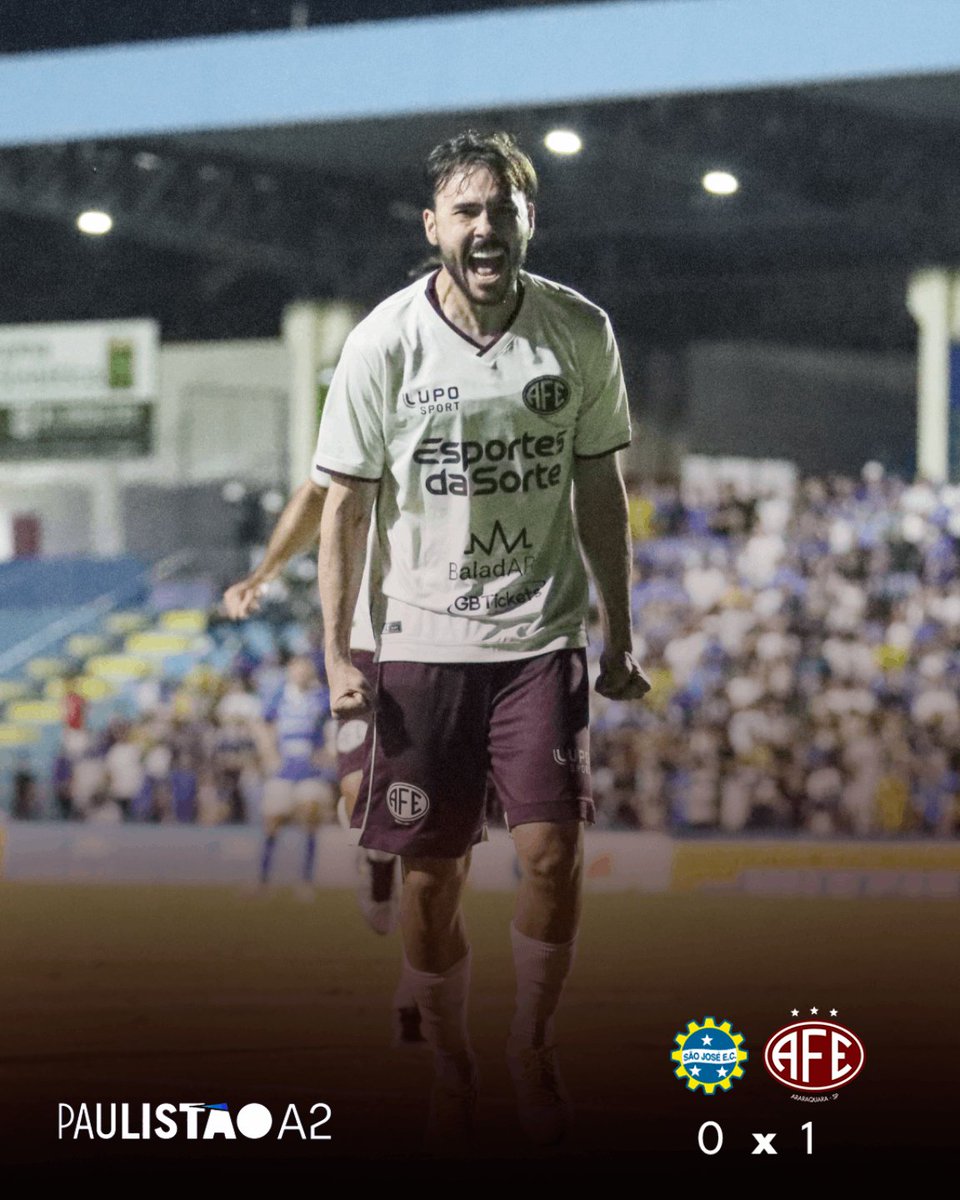 Ferroviária tweet media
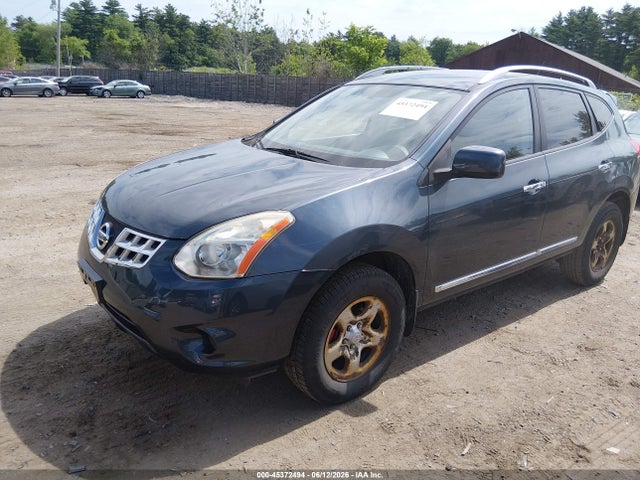 Aukcja sprzedaży 2012 Nissan Rogue Sv, vin: JN8AS5MV9CW396064, numer aukcji: 45372494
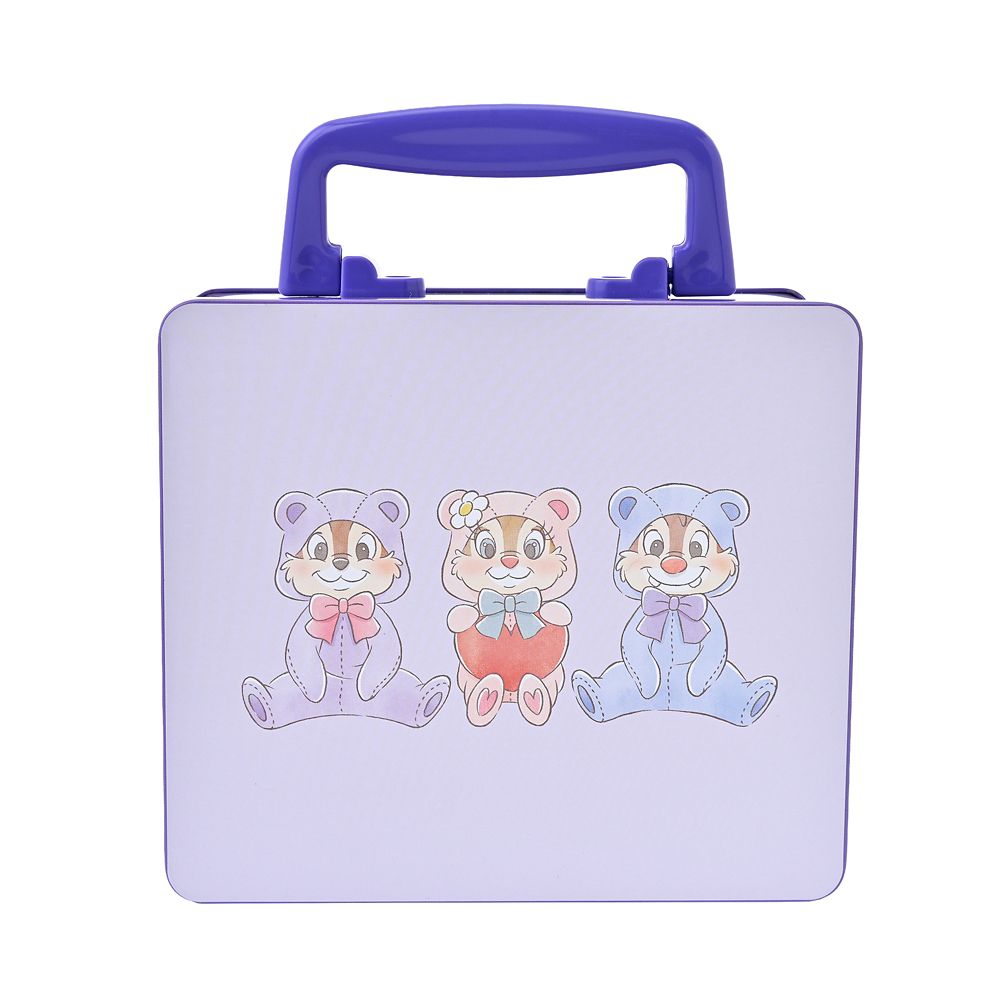 チップ＆デール、クラリス クッキー アソート 缶入り Chip &lsquo;n&rsquo; Dale COLLECTION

^^^^^^^^^^^^^^^^

- [How to complete this task] Leave the images out as you retype each line of the material exactly.

- [Answer section]
 Ferroviária tweet media
 Aukcja sprzedaży 2012 Nissan Rogue Sv, vin: JN8AS5MV9CW396064, numer aukcji: 45372494
 チップ＆デール、クラリス クッキー アソート 缶入り Chip &lsquo;n&rsquo; Dale COLLECTION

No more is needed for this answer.